Before I continue any further I’m going to cite a portion of text from his own website that states his view on anti-Semitism: “To our Christian sisters and brothers I say — do not, out of a sense of guilt for anti-Semitism, give the Jewish people a free pass.”
The struggle of the Jewish people is great and still continues. The threat of anti-Semitism is alive and well. Just because we don’t see it overtly doesn’t mean it doesn’t exist.
In my opinion, Braverman’s writings in reference to his background are startling and shocking. As a Jewish student here at the University of Toledo, I’m even more uncomfortable now, knowing these kinds of hate-filled thoughts are being spread to our students.
He continues on in his theories and writings and pushes the bar even further to say that “to make this mistake, to allow yourselves to be – I will use the word – bullied by the threat of the charge of anti-Semitism, is to commit a pernicious fallacy. As Jews we sought political self-determination, and we got it. Now we must behave in accordance with principles of justice.”
This just further illustrates that Braverman’s mad philosophy desecrates the importance and the nature of anti-Semitic ideology and its impacts. Trivializing the consequences of anti-Semitic policies and philosophy only makes it a more prevalent voice of hatred.
I will attempt to understand why Braverman and supporters of his thinking would make such wild assertions.
The Central Zionist Archives, a sub-organization of the World Zionist Organization, affirms that in the late 19th century, the Zionist movement was a response to the rising anti-Semitism in Europe, particularly against Ashkenazi Jews.

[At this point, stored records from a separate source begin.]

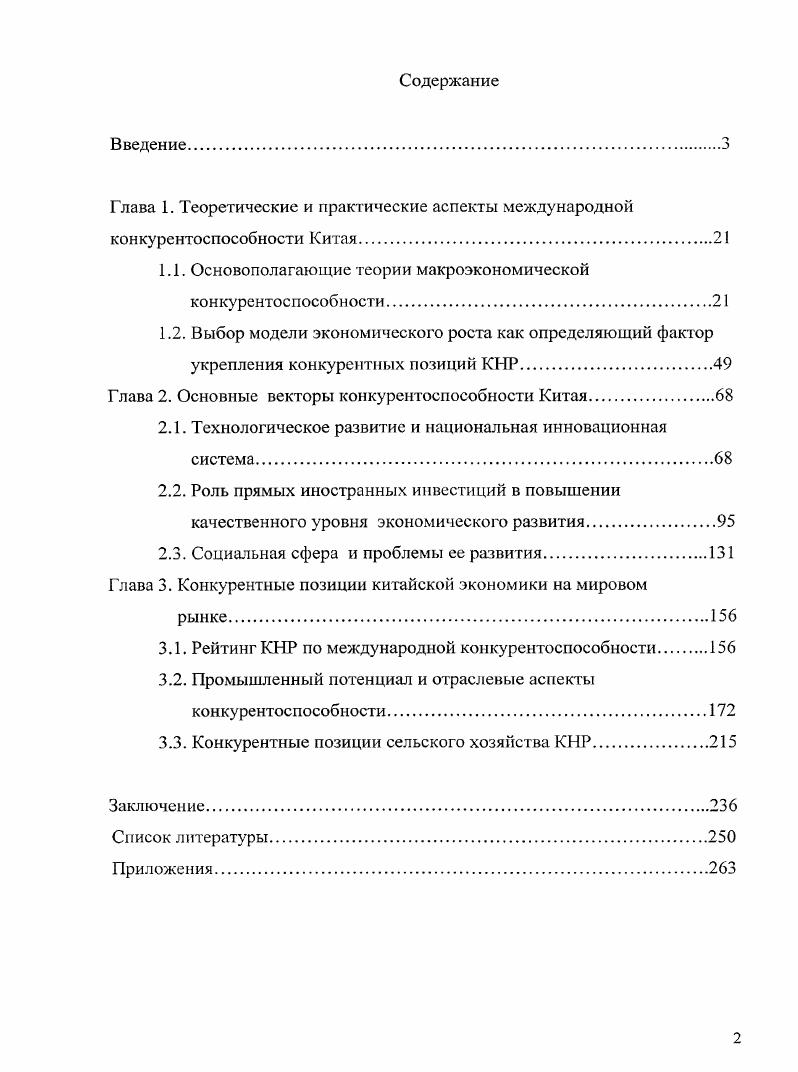 "1.1. Основополагающие теории макроэкономической конкурентоспособности.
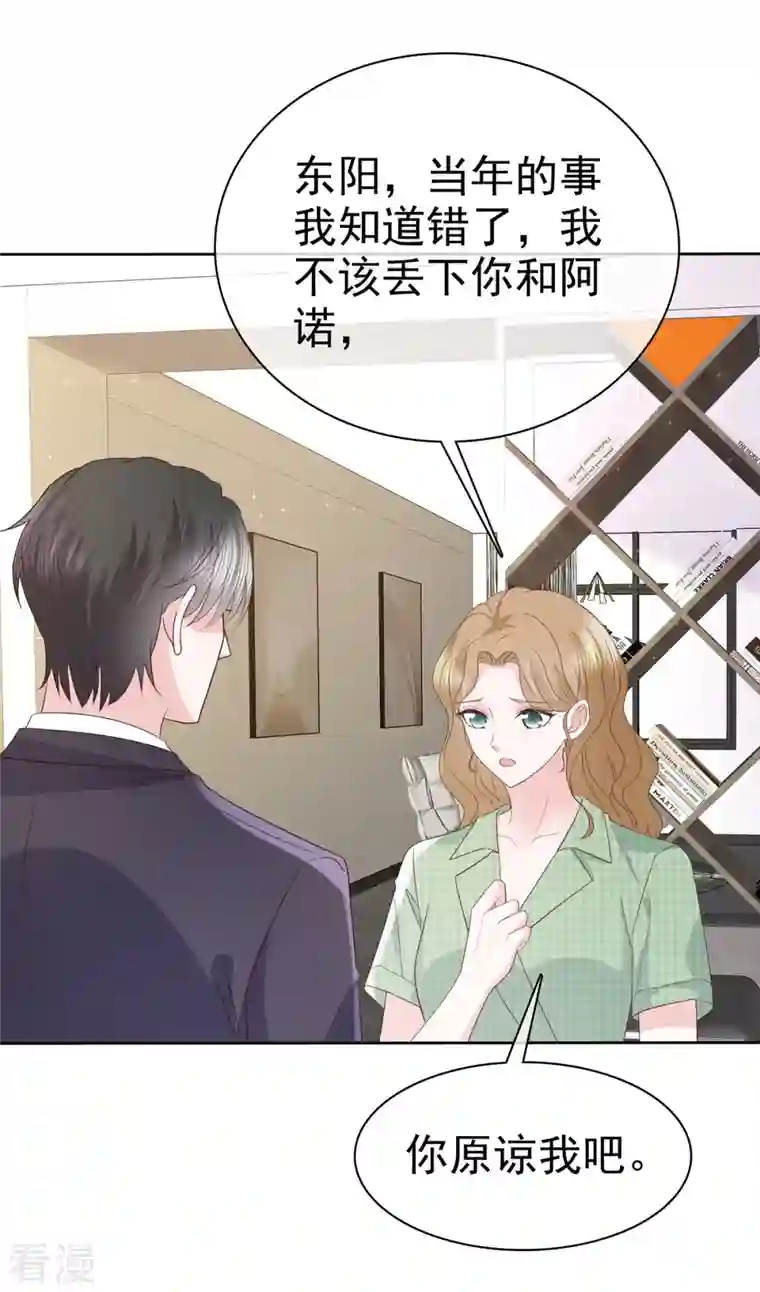 逆袭归来：我的废柴老婆第93话 小玉回来了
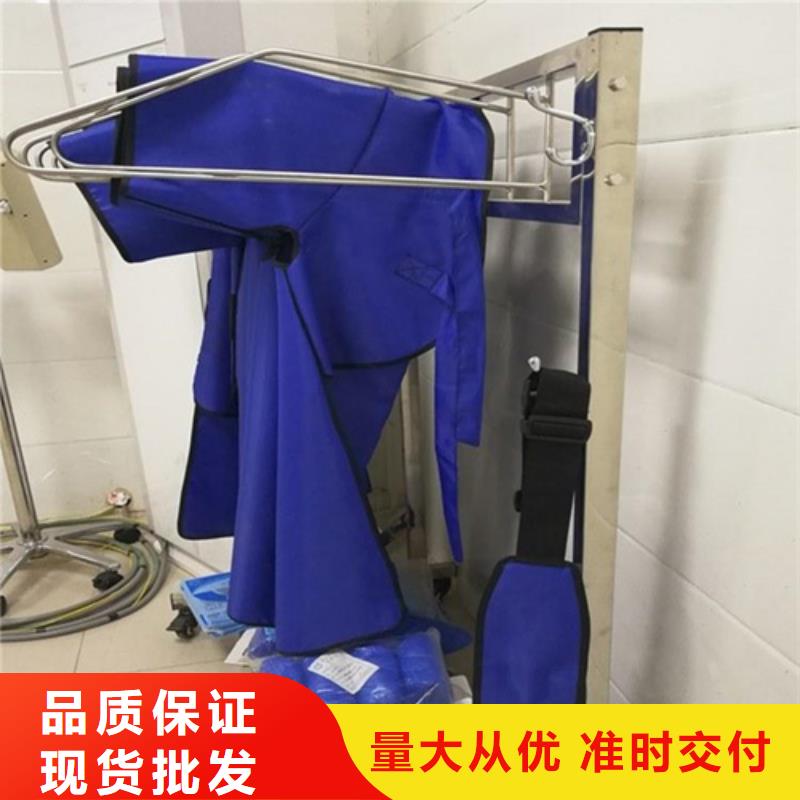 粒子植入放射科DR铅服质量严格把控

The Austro-Hungarian journalist Theodor Herzl formalized the political movement in 1897 with the First Zionist Congress (WZO).
At that time, the movement sought to encourage Jewish migration to a Jewish homeland. It’s become widely agreed upon that Zionism is the movement of the Jewish people and the Jewish culture to return to its roots back in Israel.
This is a very condensed version of Zionism. Arguably — and this point is used many times by anti-Israel and anti-Semitic scholars — the Holocaust was the driving force for the creation of Israel.
Braverman makes the argument that Jewish organizations as well as the culture itself merely “uses” the Holocaust as a justification of Jewish influence. He said that “the Nazi Holocaust in particular casts its shadow over our modern history and the history of the State of Israel. The Nazi’s campaign to eradicate world Jewry has become part of our uniquely Jewish ‘Liturgy of Destruction,’ the way we Jews throughout the ages have made sense of our suffering by turning to the broader context of Jewish history.
From this matrix of vulnerability, victimization and meaning-making comes the Zionist cry, ‘Never again!’”
The good doctor must have forgotten his heritage in that he seems to assume the Holocaust was the only tragedy that befell the Jewish people. This isn’t the first time the Jewish people have been killed or singled out for what they believe in or just because they’re Jewish; I can cite historical events from the Spanish Inquisition to the Crusades.
The trivialization of the Holocaust as well as other traumatic events in Jewish history not only allows for the spread of anti-Semitic philosophies around the world, but also here at home and at UT.
It worries and frightens me that there are people who take his work as meaningful. As a Jewish student, I’m frightened. I’m frightened not only for the future of the Jewish people, but for other marginalized groups.
If Braverman is so passionate about his cause, then his trivialization of such a tragedy in human history would make me doubt any semblance of his intentions for a meaningful sense of reason.
Maxwell Gold is a senior studying philosophy.